Victoria had finished a master's in public health at Boskary and returned to take a hospital operations role under Seth.
She and Ethan had been engaged once, but they broke up when she went abroad.
Now that she was back, she made it clear that she wanted him again.
The first time Victoria showed up in front of me, I felt the threat immediately.
Poised like a princess, she was in a Chanel suit, Louboutins clicking under her feet. Meanwhile, I was in wrinkled scrubs, my hair in a messy ponytail, with dark circles from sleepless nights.
"So, you're Leah?" Victoria sized me up. "Ethan mentioned you. Thank you for taking care of him all these years."
Her tone was polite but distant, as if I were nothing more than a passing presence in Ethan's life.
"But now I'm back." She smiled and continued, "Ethan needs someone who can support him in social circles and help build his career.
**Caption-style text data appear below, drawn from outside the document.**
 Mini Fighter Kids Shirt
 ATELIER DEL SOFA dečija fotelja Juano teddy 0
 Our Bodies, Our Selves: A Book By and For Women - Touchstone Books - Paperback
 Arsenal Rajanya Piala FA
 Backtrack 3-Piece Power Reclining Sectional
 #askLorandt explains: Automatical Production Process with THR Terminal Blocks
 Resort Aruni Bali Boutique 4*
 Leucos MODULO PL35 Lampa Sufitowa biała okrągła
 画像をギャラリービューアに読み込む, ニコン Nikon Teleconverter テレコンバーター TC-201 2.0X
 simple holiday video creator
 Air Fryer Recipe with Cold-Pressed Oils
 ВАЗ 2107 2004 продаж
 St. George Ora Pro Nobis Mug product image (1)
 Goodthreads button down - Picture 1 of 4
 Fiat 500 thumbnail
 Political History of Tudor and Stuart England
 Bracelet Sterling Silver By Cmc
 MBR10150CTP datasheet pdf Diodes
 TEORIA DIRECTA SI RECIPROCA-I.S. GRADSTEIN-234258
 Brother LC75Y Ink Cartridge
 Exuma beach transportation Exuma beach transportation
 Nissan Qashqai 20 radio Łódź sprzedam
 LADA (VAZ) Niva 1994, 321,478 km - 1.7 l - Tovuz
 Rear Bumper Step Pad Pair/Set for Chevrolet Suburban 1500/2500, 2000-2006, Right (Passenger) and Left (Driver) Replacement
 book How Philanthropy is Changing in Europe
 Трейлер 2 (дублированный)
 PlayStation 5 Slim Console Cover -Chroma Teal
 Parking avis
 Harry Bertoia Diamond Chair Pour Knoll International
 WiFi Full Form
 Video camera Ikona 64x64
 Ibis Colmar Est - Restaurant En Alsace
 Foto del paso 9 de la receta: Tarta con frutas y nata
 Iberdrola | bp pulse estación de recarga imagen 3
You get what I mean, right?"
At that moment, the gap between us hit me like a punch to the gut.
I was a broke student scraping by on scholarships and grants. Victoria, meanwhile, was a high-born heiress, raised in the lap of luxury.
I thought Ethan would stand by me and tell Victoria that we were together, but he didn't.
He simply said, "Victoria, Leah is a very important… friend of mine."
Friend.
He used that word.
Not girlfriend, not partner—friend.
From that day forward, Victoria began to set her plan in motion.
She "accidentally" booked two concert tickets and invited Ethan. She mentioned his research projects at board meetings to get him more resources. She even hosted weekend gatherings for doctors and left me out.
Gradually, Ethan started spending more time with Victoria.
"Her dad's the board chairman," he explained. "I need to maintain that connection. It's important for my career. Besides, Victoria's in the medical field too. We have a lot in common. Don't overthink it. It's just work."
Every time, I chose to believe him.
Every time, I convinced myself it was temporary.
Until the day I discovered that months of my research data had vanished.